MATERIALS PROVIDED: Begin

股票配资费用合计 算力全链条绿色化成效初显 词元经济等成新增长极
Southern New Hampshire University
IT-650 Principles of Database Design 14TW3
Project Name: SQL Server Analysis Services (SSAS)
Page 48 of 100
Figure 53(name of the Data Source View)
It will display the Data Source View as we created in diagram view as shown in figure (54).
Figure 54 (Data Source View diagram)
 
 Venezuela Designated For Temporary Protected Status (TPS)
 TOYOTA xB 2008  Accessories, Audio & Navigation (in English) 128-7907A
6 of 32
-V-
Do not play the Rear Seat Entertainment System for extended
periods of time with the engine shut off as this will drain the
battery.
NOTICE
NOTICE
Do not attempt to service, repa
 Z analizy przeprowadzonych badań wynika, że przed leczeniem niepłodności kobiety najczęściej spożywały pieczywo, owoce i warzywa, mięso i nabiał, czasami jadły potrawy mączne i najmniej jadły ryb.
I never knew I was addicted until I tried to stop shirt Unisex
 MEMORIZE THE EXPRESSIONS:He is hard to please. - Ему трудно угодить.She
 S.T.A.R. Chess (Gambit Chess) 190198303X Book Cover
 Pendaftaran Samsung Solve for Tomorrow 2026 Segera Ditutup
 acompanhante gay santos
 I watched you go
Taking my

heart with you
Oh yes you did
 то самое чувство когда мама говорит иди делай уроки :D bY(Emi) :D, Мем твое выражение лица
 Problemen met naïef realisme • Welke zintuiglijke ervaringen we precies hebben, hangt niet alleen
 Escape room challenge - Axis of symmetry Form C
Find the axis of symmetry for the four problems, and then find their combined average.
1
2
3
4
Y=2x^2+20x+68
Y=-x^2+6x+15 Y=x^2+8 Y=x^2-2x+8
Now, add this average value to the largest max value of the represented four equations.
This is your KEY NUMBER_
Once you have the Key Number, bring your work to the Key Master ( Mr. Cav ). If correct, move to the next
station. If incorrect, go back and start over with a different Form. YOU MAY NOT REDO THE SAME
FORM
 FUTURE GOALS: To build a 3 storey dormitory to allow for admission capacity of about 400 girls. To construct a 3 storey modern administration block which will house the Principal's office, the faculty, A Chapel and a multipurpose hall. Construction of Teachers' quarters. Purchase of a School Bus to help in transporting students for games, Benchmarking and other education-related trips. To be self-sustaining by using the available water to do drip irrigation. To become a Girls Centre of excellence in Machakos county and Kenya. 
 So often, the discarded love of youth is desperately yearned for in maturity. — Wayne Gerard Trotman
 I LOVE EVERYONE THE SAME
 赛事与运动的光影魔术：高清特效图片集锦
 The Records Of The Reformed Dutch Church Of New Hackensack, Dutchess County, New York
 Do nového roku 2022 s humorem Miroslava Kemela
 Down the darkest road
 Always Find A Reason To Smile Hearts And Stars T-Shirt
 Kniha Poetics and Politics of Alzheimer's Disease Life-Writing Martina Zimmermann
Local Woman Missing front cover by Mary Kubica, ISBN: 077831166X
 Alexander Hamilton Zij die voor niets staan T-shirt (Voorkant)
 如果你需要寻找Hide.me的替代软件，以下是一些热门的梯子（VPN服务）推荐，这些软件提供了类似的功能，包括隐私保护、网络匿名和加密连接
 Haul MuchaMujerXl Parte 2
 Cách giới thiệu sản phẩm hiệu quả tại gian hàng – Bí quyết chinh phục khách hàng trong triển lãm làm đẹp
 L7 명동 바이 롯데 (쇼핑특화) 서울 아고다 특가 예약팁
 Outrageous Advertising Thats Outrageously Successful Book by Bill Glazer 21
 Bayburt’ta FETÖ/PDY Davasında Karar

MATERIALS PROVIDED: End

# WHAT TO PRODUCE:
Your answer should consist of the count of lines in the listing that hold the word "Source", with nothing else.

# RESULT:
3